Le tue radici e i tuoi parenti in quale parte dell’Italia risiedono?
Purtroppo non ho mai fatto ricerche. So solo che sono italiane da parte paterna e da lato materno discendo dagli indiani dell’America del Nord.
Quali sono i gruppi o gli artisti italiani che preferisci e quelli che hai conosciuto direttamente?

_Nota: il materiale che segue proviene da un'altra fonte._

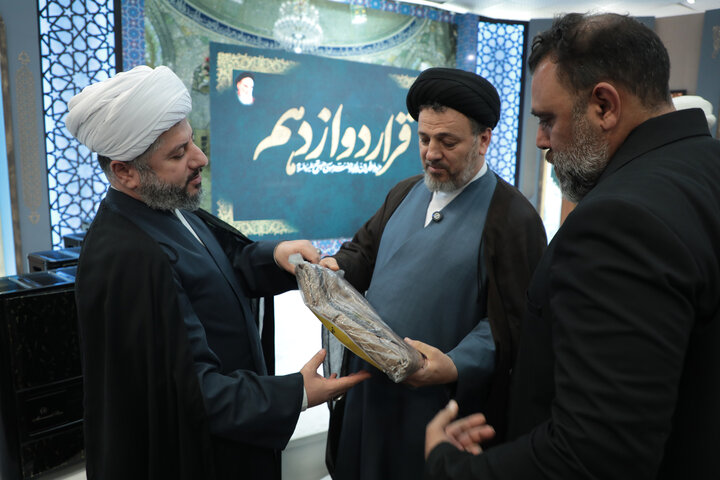 تصاویر/ آیین اجرای طرح قرار دوازدهم در حرم مطهر امامزاده موسی مبرقع(ع)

Mi piacciono i gruppi folk che sperimentano con il rock, quelli che mescolano tarantella con modernità. Tra i preferiti certamente Fabrizio De Andrè e Vinicio Capossela. Abbiamo suonato con Giuliano Palma, conosco la Banda Bardò e ho visto i Negrita quando erano in Argentina a registrare un disco, gruppo interessante che abbiamo rivisto con piacere in questi giorni in uno dei nostri concerti. Una cosa che mi fa piacere è l’aver notato molti gruppi italiani che ascoltano molto le band dell’America Latina, è un fatto importante.
Esistono differenze sostanziali tra i giovani italiani e quelli argentini che assistono ai vostri concerti?

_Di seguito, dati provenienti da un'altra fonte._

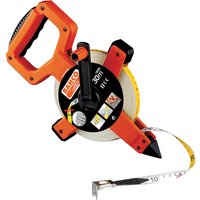 LTS Open Reel Fiberglass Tape Measure Imperial & Metric 330ft 100m 13mm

Non captiamo differenze e questo per noi è molto gratificante perché dimostra che il messaggio è giusto. Un po’ ci sorprende ma è bello ricevere le stesse sensazioni positive dal pubblico al di là delle lingue e delle differenze culturali esistenti.
Le vostre canzoni sono interpretate solo in spagnolo o…

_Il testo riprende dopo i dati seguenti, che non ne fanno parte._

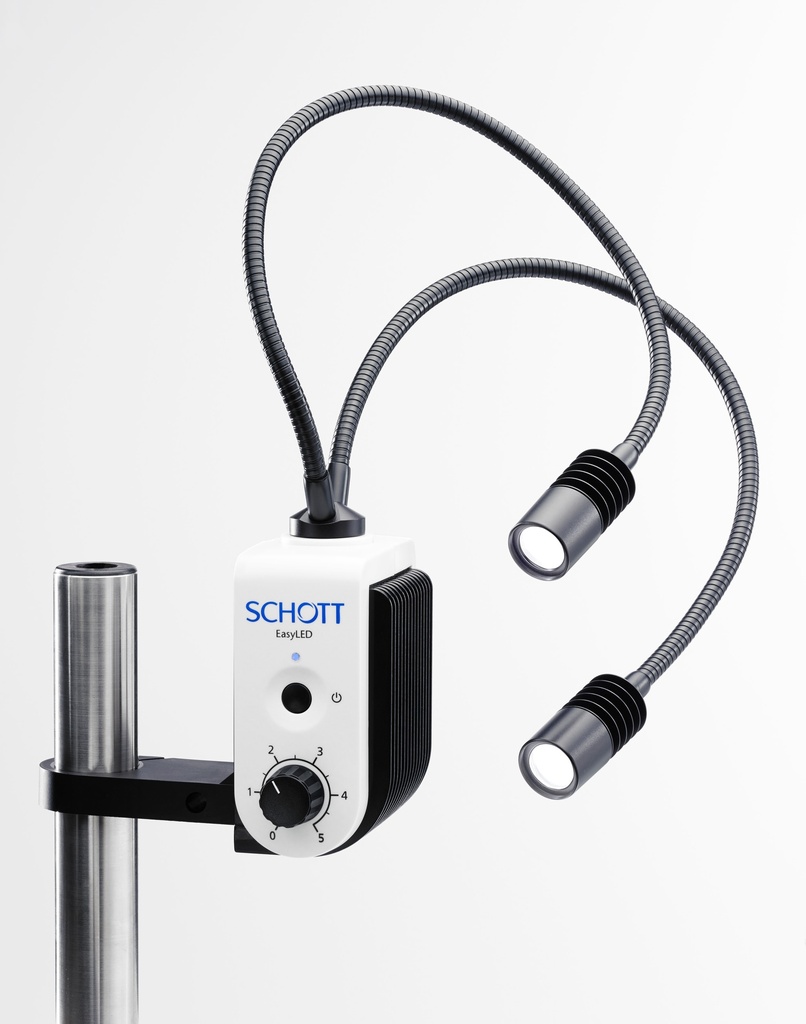Lysleder med 2 svanehalse, Schott, EasyLED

Io parlo un po’ anche di quechua, antica lingua sudamericana preesistente alla colonizzazione e qualche canzone la faccio in quechua; qualche cover la interpreto in inglese e ora qualche frase anche in italiano.
Come sai, queste pagine sono rivolte anche al pubblico dei salseri, e allora una domanda è d’obbligo. Nella Buenos Aires di tango e milonga c’è spazio per la salsa? E’ un fenomeno che conosci?
Quella della salsa è una realtà ben presente nel mio Paese. Ma direi che più della salsa oggi va per la maggiore un tipo di cumbia mescolata con hip hop. E poi il reggaeton, popolarissimo in tutta l’America Latina.
Cambiamo registro. Da 1 a 10, l’Argentina quanto ti piace?
Mi piace molto. E pensavo a questo proprio il giorno del nostro volo Argentina-Italia, quando l’aereo si è alzato e mi ha permesso di vedere la bellezza della nostra terra, la vastità del nostro territorio molto sfruttabile. E’ un paese ricco per fare una buona vita, pertanto il mio voto è tra 8 e 9. A parte la situazione politica, che è di tipo ‘mafioso’.
I ragazzi sono vicini o distanti dalla politica?
Molto distanti, quello che credo succeda anche qui. La politica è una cosa per ‘mafie’. Da noi i cittadini si rendono conto delle cose attraverso la tv, manca molto da fare nonostante alcuni lievi miglioramenti intercorsi negli ultimi tempi.
La multiculturalità quanto è presente oggi nelle città argentine?
E’ presente soprattutto a Buenos Aires. E’ un multiculturalismo su più fronti, nella musica, nel teatro, nella pittura, arte in generale e poi teniamo presente che ci sono molto immigrati, di culture diverse dell’America Latina, ma non solo.
Oltre la musica, che è anche la tua professione, quali sono i tuoi interessi, gli hobbies, come trascorri il tempo libero?
Mi piace il calcio e soprattutto amo viaggiare. Io ho una vecchia moto italiana che si chiama Iso (simile alla Vespa), che è quella riprodotta nella copertina del Cd. E quando posso salgo sulla mia Iso e vado in giro.
Ti piace leggere e quali sono i tuoi autori preferiti?
Adesso sto leggendo l’ultimo libro dell’argentino Ernesto Sábato, un autore molto bravo, come trovo interessanti i lavori dell’uruguaiano Eduardo Galeano.
La grosería più utilizzata da te e dai coetanei del tuo barrio?
Puta madre! Che equivale al vostro ‘porca puttana’.